No levanté la voz. No hice una denuncia, ni planté cara en un despacho. No fui escandalosa, ni me desbordé. —Solo escribí—.
Y escribiendo, conseguí lo que muchas no logran gritando: remover cimientos. La literatura tiene esa capacidad sutil —pero poderosa— de colarse por los rincones donde el ruido no llega.
Entre el 24 de febrero y el 23 de marzo, escribí una serie de relatos. No eran confesiones, ni desahogos del alma. Eran estrategias. Textos fríamente creados para generar reacción, no para desahogar un sentimiento real.
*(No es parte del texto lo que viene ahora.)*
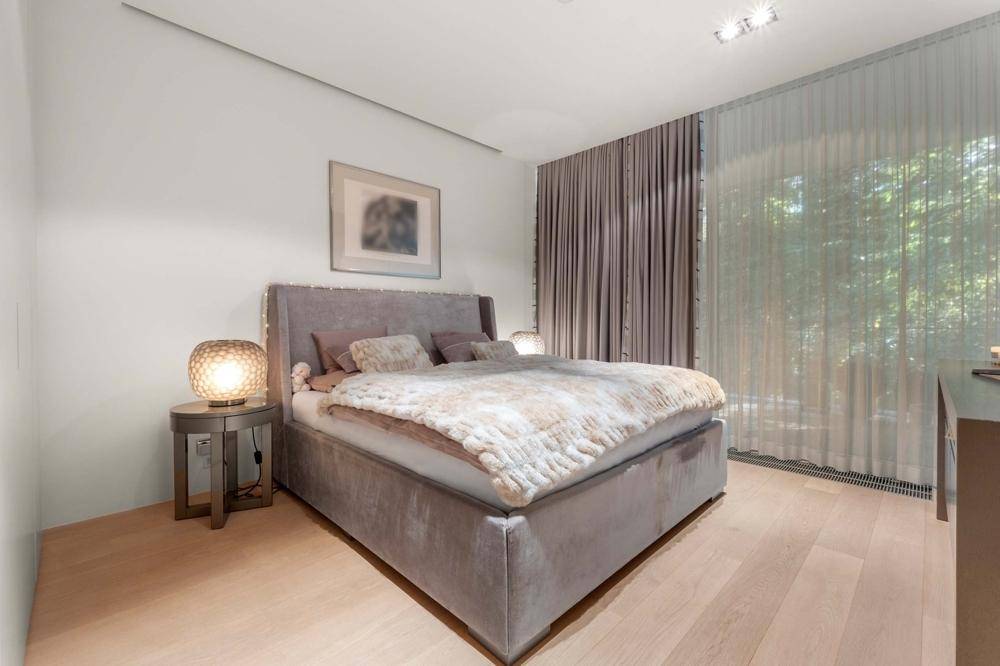 Gemütliches Schlafzimmer mit großem Bett, Holzboden und bodentiefen Fenstern mit Blick ins Grüne.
Quería ver si, al insinuar una emoción, otros se atrevían a mostrar la suya.
Porque
mi decisión de marcharme ya estaba tomada desde mucho antes. Desde el 2 de
diciembre, cuando pedí la documentación de todo lo que se me había hecho hasta
ese momento. No fue una decisión repentina. Fue meditada. Silenciosa. Planeada.
Estuve
en su consulta el 7 de enero. Llevaba perilla. Se la acariciaba mientras me
decía, en tono cómplice, que le hacía más interesante. Pero el 24 de marzo,
cuando le volví a ver, ya no la llevaba. Nadie cambia su fisionomía en tan poco
tiempo si no hay un motivo aparente. Y a veces, un cambio estético es la forma
más disimulada de responder a algo que nos ha desnudado sin tocarnos: unos
relatos.
Mientras
otros esperaban una reacción evidente, yo opté por el silencio. Un silencio
incómodo, afilado, que se desplegaba en textos que no decían nombres, pero
apuntaban con precisión. Nadie podía señalarme. No había acusaciones, ni faltas
de respeto. Solo palabras tejidas con tacto. Pero esas palabras —y ellos lo
saben— pesaban. Porque cuando se escribe desde una verdad inteligentemente
construida, no hace falta alzar la voz.
Sin necesidad de levantar la mirada en una consulta, sin tener que señalar con el dedo, hice más ruido que con un megáfono.
Porque
escribir también es resistir. Y quienes me leyeron... saben que me entendieron.